If this were an ordinary economics text one would hesitate to
recommend it to the general reader, for the American tradition
prescribes that college texts should be dull. Most of them have the
literary style of the Infantry Drill Regulations; but Dr. Brown's book
is replete with exclamation points and teems with "rhetoric and
wrath."
He is reputedly as gentle as St. Francis, but when fools and knaves
close in on him, he fights valiantly. There are the self-styled "liberals"
who are either Marxians without knowing it or who have grabbed a
protective sheep-skin. There are the honest but naive, who subscribe
unquestioningly to a kind of socialism that, according to the late
Samuel Gompers, "bears the same relation to economics that
astrology bears to astronomy." There are, too, the politicians
who are beneath contempt but not beneath ridicule, the labor
racketeers and always, of course, the greedy and hypo- critical
protectionists who pretend that protective tariffs benefit their
victims.
II
It will be observed from the title that Dr. Brown is chiefly
concerned with the science of economics as a means of influencing
public policy. In this he is in the grand tradition of Adam Smith and
John Stuart Mill, but is poles removed from those who think they are
dealing with economics when they are evaluating various advertising
devices, or sales methods for retailers of ready-to-wear. This book is
not "practical" at all in the sense that it will help us to
increase our incomes which are already too often in excess of our
capacity to spend them with intelligence and dignity. It is a book for
statesmen and students of statecraft rather than the money- getters.

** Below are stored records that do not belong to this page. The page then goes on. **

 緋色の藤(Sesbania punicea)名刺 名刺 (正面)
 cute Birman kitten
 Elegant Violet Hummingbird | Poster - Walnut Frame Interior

No one who is familiar with Dr. Brown's writings will adjudge him free
of prejudices. He is not content to describe our economic system with
an Olympian detachment. He wants very much to do something with it and
he particularly wants to increase the rewards that go to workers and
savers, and reduce the rewards that now go to the "permitters"

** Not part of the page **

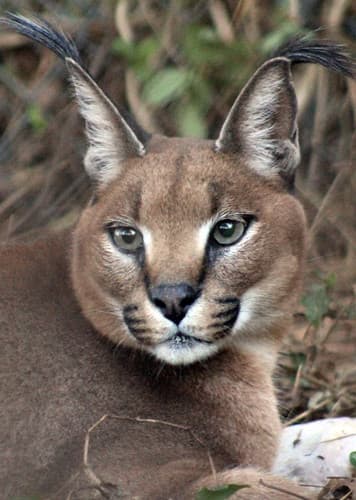 Caracal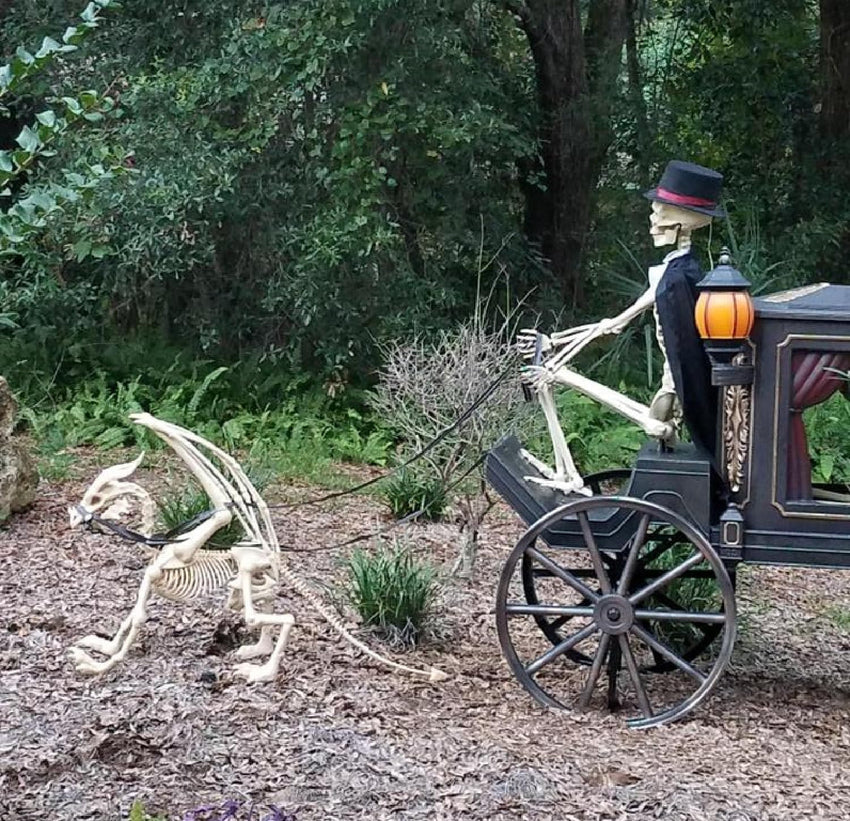 Large 4ft pterosaur skeleton. halloween decoration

(land owners). That theme occurs again and again but your reviewer
regrets only that he does not encounter it more often. It is
especially good to hear it at a time when some economists are speaking
of "quasi-rents," "capital rents" and even "rents
of ability" until they have obscured the fundamental fact that
land, the free gift of nature to each succeeding generation, yields a
revenue (rent) which can be sharply distinguished, conceptually at
least, from either wages or interest.
With respect to the desirability of the social appropriation of land
rents, Dr. Brown is proudly heretical. But he is no "radical"
as that term is now improperly employed. He is a stanch believer in
the system of private property, free enterprise and competitive
prices. In his final chapter he argues, with much cogency, that those
who wish to preserve that system in its essentials, and protect it
from the socialist attacks from the left and the fascist attacks from
the right, should bestir themselves to eliminate the unearned incomes
that result from monopoly prices and the private appropriation of
socially-created land values. If his critics were as wise as they are
captious, they would realize how essentially conservative he is -- in
the best sense of the word.
III
But a reviewer, to avoid suspicion of collusion, must not be content
with the accolade, but must go on to the unpleasant task of pointing
out possible blemishes in whatever chef-d'oeuvre is assigned to him.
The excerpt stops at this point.